• **Description of the task**
Each line from the one containing "SQQQ Long Term Analysis for August 21 2024" through the end of the entries below must be output exactly; no other line belongs.

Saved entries
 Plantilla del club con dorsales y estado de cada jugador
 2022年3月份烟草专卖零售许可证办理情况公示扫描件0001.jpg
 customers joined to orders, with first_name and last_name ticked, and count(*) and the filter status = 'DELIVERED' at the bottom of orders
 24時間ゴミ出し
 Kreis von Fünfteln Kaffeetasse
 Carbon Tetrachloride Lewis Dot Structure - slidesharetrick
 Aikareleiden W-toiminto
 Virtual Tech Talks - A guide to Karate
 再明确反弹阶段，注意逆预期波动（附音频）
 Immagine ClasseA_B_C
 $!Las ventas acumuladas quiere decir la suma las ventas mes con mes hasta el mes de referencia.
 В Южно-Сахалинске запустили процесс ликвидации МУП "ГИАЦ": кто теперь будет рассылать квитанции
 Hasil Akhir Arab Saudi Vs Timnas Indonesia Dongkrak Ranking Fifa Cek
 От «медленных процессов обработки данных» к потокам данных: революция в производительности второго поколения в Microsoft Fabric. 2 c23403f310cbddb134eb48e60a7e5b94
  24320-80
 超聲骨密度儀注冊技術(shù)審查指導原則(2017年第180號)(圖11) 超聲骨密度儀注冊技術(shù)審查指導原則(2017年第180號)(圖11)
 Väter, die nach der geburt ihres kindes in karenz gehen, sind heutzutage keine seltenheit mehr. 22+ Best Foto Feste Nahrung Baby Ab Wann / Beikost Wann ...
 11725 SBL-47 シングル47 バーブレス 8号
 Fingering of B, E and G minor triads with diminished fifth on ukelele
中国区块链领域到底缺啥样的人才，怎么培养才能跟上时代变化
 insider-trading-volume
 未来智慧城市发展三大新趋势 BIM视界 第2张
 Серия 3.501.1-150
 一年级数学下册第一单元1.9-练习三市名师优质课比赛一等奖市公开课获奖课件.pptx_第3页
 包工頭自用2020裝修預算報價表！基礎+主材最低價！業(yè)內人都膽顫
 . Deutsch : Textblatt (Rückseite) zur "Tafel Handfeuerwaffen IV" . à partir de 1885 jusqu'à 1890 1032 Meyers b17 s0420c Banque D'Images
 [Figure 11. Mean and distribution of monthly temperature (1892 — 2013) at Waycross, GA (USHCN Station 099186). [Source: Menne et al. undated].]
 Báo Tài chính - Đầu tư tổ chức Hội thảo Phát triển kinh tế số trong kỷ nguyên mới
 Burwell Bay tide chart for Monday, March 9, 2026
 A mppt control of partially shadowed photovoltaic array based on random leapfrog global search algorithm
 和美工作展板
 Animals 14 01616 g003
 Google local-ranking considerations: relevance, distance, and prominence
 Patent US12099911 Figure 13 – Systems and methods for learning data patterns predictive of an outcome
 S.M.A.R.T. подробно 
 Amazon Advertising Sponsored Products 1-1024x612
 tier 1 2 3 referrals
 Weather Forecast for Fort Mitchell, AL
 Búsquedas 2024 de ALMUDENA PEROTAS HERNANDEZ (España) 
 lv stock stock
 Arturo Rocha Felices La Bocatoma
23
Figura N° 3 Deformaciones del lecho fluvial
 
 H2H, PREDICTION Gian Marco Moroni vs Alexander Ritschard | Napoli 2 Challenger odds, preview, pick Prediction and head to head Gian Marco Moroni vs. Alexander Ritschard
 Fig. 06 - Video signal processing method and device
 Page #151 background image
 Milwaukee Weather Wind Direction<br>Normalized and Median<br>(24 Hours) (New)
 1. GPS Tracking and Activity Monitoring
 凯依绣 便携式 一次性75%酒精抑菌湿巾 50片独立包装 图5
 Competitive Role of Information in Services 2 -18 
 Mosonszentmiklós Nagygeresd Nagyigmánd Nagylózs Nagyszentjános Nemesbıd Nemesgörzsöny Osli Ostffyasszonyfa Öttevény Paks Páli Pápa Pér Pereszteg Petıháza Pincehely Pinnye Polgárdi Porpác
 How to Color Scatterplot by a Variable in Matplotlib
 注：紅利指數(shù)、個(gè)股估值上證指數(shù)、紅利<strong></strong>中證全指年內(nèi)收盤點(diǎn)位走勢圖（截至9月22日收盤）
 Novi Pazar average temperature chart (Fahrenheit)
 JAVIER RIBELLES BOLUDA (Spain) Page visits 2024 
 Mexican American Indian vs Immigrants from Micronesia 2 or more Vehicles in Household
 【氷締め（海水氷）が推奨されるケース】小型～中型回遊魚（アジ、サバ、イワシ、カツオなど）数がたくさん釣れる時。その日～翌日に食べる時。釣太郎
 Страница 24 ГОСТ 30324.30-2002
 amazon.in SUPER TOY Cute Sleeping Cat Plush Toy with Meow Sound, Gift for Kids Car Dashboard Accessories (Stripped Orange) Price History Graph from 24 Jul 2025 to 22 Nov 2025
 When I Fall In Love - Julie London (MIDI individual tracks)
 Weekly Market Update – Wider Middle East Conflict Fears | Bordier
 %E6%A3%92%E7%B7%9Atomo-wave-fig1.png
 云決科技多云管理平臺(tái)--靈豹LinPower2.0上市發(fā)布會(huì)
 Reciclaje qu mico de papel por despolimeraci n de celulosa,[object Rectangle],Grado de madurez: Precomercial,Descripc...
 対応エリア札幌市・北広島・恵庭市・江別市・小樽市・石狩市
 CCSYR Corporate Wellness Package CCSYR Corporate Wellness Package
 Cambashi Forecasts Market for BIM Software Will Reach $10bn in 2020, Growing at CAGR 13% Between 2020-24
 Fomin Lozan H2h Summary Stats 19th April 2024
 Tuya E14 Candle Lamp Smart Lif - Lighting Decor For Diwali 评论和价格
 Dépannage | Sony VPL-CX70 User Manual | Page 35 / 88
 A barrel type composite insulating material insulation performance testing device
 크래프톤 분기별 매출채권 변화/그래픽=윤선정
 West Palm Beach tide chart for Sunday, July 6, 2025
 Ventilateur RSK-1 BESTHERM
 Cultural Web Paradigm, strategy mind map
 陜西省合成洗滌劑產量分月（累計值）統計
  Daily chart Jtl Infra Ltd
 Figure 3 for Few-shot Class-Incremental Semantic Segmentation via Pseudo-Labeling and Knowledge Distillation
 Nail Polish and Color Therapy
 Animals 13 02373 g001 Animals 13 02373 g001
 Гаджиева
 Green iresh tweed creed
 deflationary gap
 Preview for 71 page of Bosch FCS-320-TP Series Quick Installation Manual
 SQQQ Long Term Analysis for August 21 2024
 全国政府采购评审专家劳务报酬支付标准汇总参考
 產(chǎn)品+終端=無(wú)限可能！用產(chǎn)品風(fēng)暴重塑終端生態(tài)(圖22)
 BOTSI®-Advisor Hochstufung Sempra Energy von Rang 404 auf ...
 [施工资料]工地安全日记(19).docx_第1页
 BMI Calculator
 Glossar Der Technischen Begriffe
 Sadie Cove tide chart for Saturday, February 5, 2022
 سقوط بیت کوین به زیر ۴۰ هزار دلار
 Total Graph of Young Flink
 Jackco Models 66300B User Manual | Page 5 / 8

• **Solved exercise**
 SQQQ Long Term Analysis for August 21 2024
 全国政府采购评审专家劳务报酬支付标准汇总参考
 產(chǎn)品+終端=無(wú)限可能！用產(chǎn)品風(fēng)暴重塑終端生態(tài)(圖22)
 BOTSI®-Advisor Hochstufung Sempra Energy von Rang 404 auf ...
 [施工资料]工地安全日记(19).docx_第1页
 BMI Calculator
 Glossar Der Technischen Begriffe
 Sadie Cove tide chart for Saturday, February 5, 2022
 سقوط بیت کوین به زیر ۴۰ هزار دلار
 Total Graph of Young Flink
 Jackco Models 66300B User Manual | Page 5 / 8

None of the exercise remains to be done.